Release Management Authors: Pat Romanski, Elizabeth White, David H Deans, Liz McMillan, Jnan Dash

Related Topics: Containers Expo Blog, Java IoT, Microservices Expo, Release Management , Cloud Security, SDN Journal

Containers Expo Blog: Blog Post

Network Design in a Virtual World

Applications and operations must rule

We get quite caught up in high level architectures at times. It is good to read some posts that focus on design and implementation and the practicality of taking higher level architectures to reality. Two of Ivan’s posts caught my eye this week. In the first, he discusses the difference in how application and network folks look at the deployment of tiered applications and what that means for the security between them. In the second, he asks a question that our entire industry has under delivered on for more than a decade: why can’t we have plug-n-play networking? They may appear as wildly different topics, but in my mind they are more than related. Applications and operations must drive network design and implementation.

In creating a data center design it is important to carefully design how L2 and L3 are layered on top of the physical network. L2 and L3 provide different levels of separation and security domains and understanding what can (or should) go where can very significantly change how efficient an application runs on the network. As Ivan points out, in many cases layers of an application require additional network services between them. The obvious ones are firewalls and loadbalancers, less obvious ones may include IPS/IDS systems, mirror and compliance monitoring and I am sure you can come up with a few more.

Traffic from applications (or between tiers of an application, the often mentioned east-west traffic) needs to be passed through one or more of these network services (or none). With the distributed nature of the VM components of a tiered application, getting the traffic to these services is not always easy. There is a movement to virtualizing these services and have them distributed and co-located with the actual VMs, but some services simply need to be a applied in a more central place because of the context they need to do their work.

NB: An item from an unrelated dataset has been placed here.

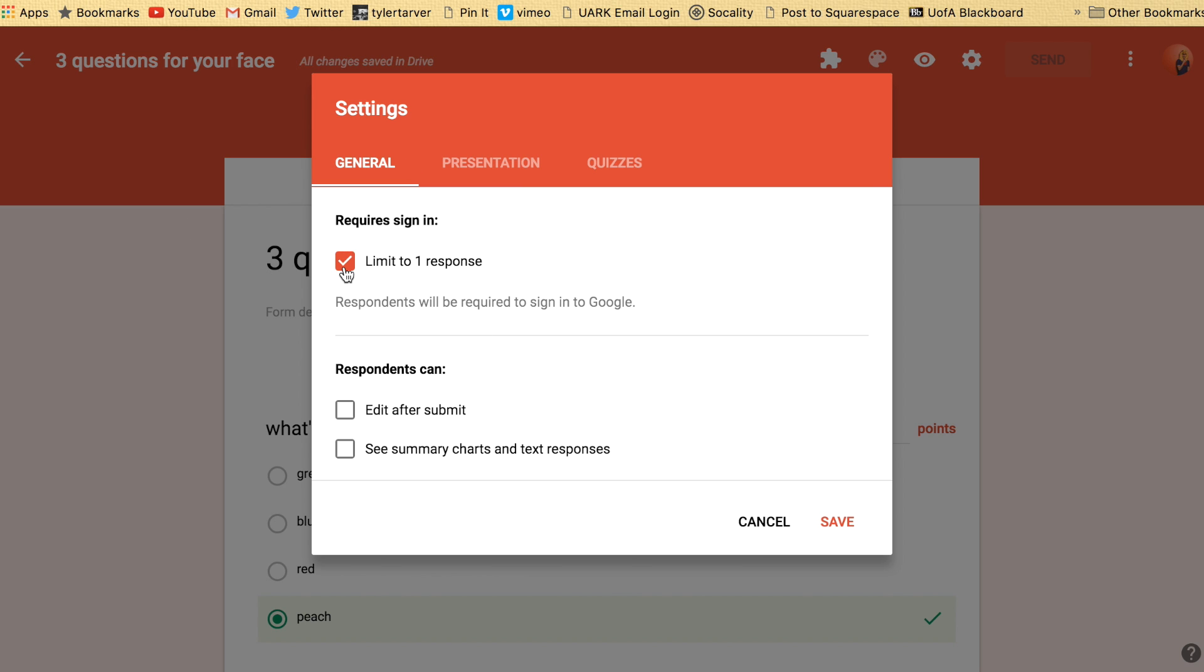You can limit to one response. That means they can't submit it again without signing into a different account. You can allow them to edit it after they submit it. So if they submit it and they come back, they can change certain things in their form if they have that selected.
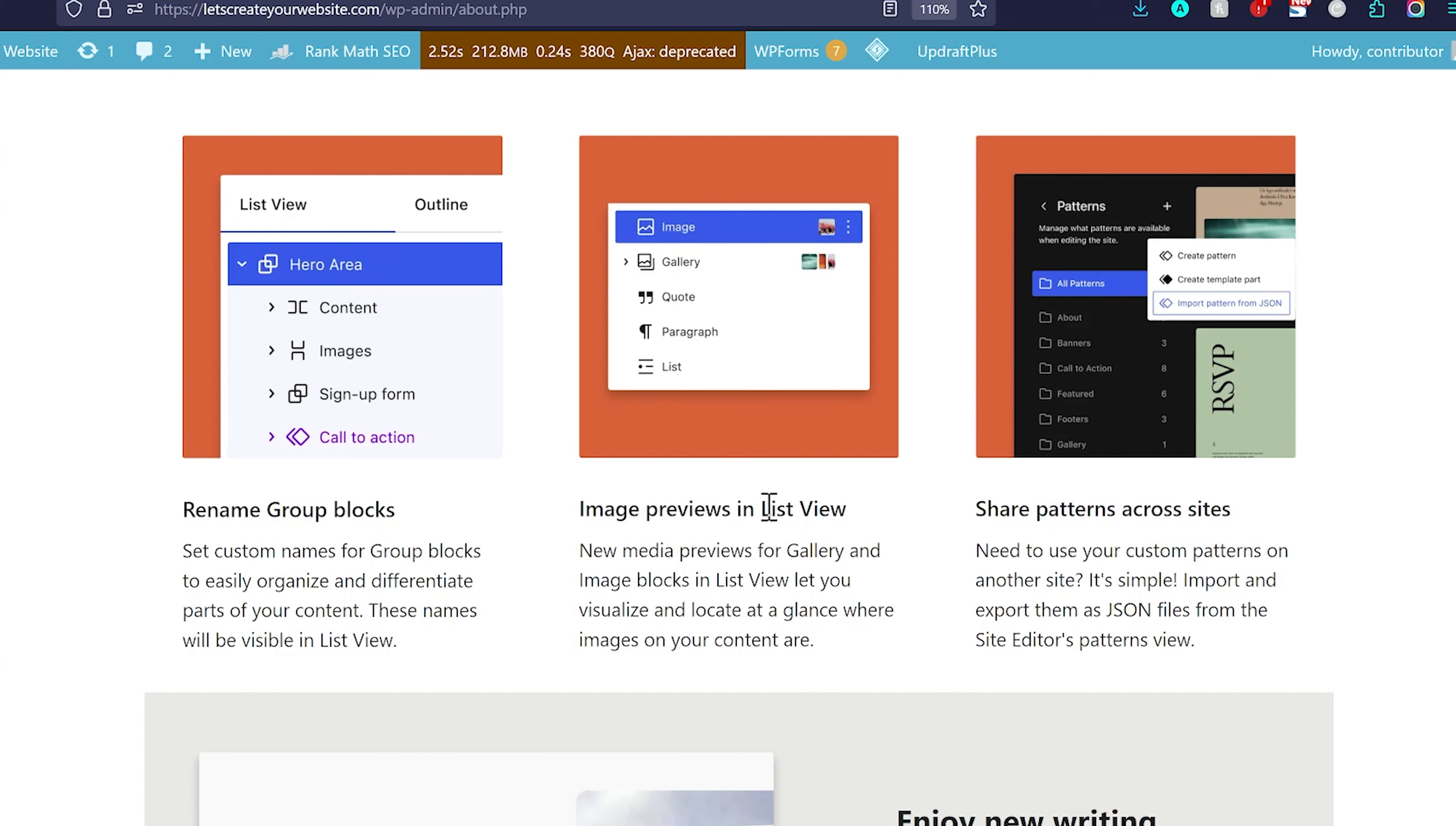Image previews in list view. So, when you add the images in the list view, you can see the preview of the images. I am not sure preview of the image will be really helpful. But yes, maybe in some cases, somebody might find this feature really useful. For me, it is not very useful.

Getting traffic to centralized or semi-distributed services can be accomplished in several ways. By far the easiest is to have the application send the traffic explicitly to the service. Many firewalls also act as a router for a segment, so telling the application where its default router is ensures its traffic always ends up on the firewall. Most loadbalancers terminate a http or other connection oriented session on the “outside” and attach it to a new session on the “inside”, so that traffic also naturally flows to the service.

Carefully crafting the boundaries between subnets, what belongs on each subnet and what service is applied on and between subnets is not at all trivial. There are those that believe every server or even VM should be in its own 31 bit subnet. And while just about every application (and I include storage in that too for the most part) only really needs L2 connectivity to its router, there are traits of not requiring to route traffic that may reduce the need for the network services. Multicast based applications within a subnet just work without complexity. IGMP snooping on the switch ports is about all you need. Worrying about intrusion becomes easier when VMs or portions of applications cannot be reached from outside the subnet. There is no one size fits all, no magic design or template.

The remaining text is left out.